Al rápido germano le relevó como Campeón Olímpico otro atleta nacido en suelo Europeo, el ruso Yuriy Borzakovsky, quizás el mejor representante del estilo más táctico a la hora de afrontar los 800 metros, basado en fiarlo todo a un poderoso sprint con el que superar a los rivales tras una carrera en la que el ritmo no ha sido tan alto y prácticamente todos llegan agrupados a la última recta.

ATENAS 2004

PEKÍN 2008

El triunfo de Borzakovsky en Atenas 2004 fue, en todo caso, una especie de ‘canto del cisne’ para la escuela europea, que pasó de tener el campeón olímpico a no contar con un solo representante cuatro años después, en Sydney 2008. La final de los 800 metros en los juegos de las antípodas devolvió al dominio a los africanos, con agónica victoria del keniata William Burgei, y anunció, además, lo que estaba por venir. El atleta de Kenia, de poco ortodoxo estilo, ganó liderando casi de principio a fin, dejando sin opciones a los que confiaban en una carrera táctica, con lenta primera vuelta en la que reservar fuerzas antes de incrementar el ritmo en la segunda para atacar en el sprint final.

EL OCHOCENTISTA PERFECTO

Durante la primera década del siglo XXI, los 800 hacía ya unos años que habían dejado de ser una de las pruebas más esperadas en cada competición olímpica o mundial. El record del mundo seguía en poder de Kipketer, desde 1997, y tanto Coe como Cruz aun conservaba la segunda y tercer mejor marca de todos los tiempos, siendo los únicos, junto al danés de origen keniano, que habían sido capaces de bajar del 1:42, una barrera que resultó infranqueable para todos sus sucesores en el palmarés de los juegos y los mundiales.
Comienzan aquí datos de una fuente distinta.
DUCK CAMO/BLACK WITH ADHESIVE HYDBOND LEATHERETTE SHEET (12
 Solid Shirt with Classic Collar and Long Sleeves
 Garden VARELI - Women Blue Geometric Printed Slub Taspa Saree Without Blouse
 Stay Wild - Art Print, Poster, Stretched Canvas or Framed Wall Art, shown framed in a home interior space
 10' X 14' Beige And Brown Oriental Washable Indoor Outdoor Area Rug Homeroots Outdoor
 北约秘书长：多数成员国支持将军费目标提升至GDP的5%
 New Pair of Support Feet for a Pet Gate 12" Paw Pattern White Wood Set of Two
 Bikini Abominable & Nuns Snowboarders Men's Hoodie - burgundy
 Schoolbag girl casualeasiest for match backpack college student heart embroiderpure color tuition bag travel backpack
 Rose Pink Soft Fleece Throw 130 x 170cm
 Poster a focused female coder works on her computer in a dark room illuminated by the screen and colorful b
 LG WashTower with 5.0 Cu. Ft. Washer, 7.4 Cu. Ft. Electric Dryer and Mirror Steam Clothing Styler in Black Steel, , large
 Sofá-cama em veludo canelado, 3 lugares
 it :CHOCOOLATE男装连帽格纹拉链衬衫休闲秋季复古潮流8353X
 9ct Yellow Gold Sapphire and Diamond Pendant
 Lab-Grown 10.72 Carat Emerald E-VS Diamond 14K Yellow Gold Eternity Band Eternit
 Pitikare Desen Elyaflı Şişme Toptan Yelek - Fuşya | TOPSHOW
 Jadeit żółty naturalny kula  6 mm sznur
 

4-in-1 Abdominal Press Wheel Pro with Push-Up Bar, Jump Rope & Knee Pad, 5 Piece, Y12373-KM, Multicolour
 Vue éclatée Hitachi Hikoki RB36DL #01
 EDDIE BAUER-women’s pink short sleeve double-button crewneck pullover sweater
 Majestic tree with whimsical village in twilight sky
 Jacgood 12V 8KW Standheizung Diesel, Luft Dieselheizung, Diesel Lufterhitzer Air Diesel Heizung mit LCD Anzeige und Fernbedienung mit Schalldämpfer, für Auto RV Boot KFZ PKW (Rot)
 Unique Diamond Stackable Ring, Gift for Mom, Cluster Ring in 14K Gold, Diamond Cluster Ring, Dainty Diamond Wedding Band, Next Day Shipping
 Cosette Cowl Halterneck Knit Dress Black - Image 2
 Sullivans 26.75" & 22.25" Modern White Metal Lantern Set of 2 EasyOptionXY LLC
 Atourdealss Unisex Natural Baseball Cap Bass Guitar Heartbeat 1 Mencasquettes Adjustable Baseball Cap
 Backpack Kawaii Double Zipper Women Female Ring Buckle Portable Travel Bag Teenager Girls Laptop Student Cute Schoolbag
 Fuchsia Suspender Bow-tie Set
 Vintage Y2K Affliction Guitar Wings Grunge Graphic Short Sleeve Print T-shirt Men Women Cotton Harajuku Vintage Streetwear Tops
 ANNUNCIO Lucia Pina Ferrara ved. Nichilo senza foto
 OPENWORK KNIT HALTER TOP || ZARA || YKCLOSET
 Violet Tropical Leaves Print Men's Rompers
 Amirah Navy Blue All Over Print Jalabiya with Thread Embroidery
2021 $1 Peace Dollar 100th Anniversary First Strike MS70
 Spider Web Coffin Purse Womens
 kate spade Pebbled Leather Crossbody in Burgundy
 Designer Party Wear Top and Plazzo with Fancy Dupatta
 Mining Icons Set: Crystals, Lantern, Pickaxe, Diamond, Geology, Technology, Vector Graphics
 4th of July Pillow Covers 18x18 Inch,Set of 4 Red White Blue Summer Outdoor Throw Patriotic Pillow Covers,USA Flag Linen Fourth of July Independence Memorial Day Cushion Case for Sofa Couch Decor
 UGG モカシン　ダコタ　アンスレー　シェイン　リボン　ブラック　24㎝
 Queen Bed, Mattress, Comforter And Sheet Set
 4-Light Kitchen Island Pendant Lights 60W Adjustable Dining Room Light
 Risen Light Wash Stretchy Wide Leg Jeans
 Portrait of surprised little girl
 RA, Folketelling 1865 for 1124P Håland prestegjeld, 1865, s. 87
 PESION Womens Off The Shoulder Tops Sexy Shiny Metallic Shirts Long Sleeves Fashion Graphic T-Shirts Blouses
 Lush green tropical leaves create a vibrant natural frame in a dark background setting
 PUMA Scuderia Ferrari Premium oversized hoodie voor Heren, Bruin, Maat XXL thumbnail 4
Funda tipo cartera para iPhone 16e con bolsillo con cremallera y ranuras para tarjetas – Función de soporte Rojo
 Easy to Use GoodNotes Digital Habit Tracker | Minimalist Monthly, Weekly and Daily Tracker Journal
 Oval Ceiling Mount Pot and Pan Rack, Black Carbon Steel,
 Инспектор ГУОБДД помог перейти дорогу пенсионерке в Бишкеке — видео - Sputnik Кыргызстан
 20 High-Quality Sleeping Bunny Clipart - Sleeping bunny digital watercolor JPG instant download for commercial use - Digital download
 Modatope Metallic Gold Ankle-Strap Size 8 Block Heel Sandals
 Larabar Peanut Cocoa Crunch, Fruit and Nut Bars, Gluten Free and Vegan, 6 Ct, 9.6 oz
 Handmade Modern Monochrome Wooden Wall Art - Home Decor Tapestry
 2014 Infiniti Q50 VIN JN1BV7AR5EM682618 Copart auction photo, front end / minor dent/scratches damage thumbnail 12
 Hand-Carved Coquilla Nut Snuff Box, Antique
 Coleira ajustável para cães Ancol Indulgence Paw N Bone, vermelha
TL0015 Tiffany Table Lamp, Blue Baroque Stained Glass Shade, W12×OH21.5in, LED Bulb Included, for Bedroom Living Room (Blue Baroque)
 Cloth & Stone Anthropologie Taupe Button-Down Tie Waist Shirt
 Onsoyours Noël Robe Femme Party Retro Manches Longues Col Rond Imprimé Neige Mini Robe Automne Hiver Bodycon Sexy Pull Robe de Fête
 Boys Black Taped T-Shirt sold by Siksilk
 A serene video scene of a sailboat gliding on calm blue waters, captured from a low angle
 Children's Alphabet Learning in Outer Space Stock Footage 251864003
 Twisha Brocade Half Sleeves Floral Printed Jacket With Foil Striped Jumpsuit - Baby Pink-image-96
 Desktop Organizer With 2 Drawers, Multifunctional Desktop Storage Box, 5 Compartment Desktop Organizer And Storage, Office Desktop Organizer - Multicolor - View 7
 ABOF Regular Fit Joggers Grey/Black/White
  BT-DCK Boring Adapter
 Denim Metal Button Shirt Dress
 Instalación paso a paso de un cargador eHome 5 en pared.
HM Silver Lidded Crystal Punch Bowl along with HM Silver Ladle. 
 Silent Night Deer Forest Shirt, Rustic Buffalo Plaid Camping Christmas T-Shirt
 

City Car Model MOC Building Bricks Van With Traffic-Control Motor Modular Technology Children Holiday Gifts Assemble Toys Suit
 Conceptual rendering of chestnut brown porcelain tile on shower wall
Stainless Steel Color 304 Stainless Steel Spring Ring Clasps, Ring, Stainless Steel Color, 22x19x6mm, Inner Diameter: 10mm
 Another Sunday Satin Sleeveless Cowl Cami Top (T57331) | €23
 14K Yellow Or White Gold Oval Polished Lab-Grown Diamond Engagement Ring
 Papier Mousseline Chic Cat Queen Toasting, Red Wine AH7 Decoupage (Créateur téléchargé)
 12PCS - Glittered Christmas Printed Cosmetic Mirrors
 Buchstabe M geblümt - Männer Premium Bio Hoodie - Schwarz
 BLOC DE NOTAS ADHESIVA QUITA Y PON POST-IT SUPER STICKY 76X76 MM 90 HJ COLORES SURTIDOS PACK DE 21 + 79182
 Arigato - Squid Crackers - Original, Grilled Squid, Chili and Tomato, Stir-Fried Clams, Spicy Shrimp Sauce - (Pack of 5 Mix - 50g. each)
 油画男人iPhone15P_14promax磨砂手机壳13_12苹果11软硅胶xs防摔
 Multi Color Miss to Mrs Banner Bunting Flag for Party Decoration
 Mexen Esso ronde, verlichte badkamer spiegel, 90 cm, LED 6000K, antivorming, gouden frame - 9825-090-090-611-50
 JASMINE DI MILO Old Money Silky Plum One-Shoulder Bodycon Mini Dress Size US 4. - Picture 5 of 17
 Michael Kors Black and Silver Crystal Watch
Pero entonces llegó David Rudisha y los ochocientos metros volvieron al primer plano a la vez que su fisonomía cambiaba por completo… y quien sabe si para siempre. El espigado atleta de Kenia ya se había acercado, con su elegante estilo de amplia zancada, a sólo una centésima del 1:42 en el 2009, batiendo el record de África que llevaba 25 años vigente. Y al año siguiente, tras bajar ya al 41 a mitad de campaña, dio un paso más (en su caso, otra larga zancada) y, en una sola semana, a finales de Agosto del 2010, batió el record mundial de Kipketer y, siete días después, volvió a correr aun más rápido para establecer un nuevo tope mundial, justo al borde del 1:41.

LONDRES 2012

Sin embargo, por fabulosa que fuese la demostración de Rudisha en aquellas dos carreras de record, celebradas en Berlín y Rieti, lo mejor estaba aun por llegar. Y el keniata lo reservaba, además, para la gran ocasión que siempre es para cualquier atleta tomar parte en unos Juegos Olímpicos. El 9 de agosto del 2012, los espectadores que llenaban el estadio olímpico de Londres, y los millones que veíamos la carrera a través de la televisión asistimos a una de esas competiciones que pasan a la historia. Una prueba en la que lo de menos es que se cumpliese el pronóstico y no hubiese emoción alguna en la lucha por la victoria. Todos sabían que iba a ganar Rudisha, desde la prensa especializada hasta los aficionados pasando por sus rivales. Pero creo que ninguno esperaba que lo hiciese del modo tan brutal, dominante y absolutamente extraordinario que lo hizo.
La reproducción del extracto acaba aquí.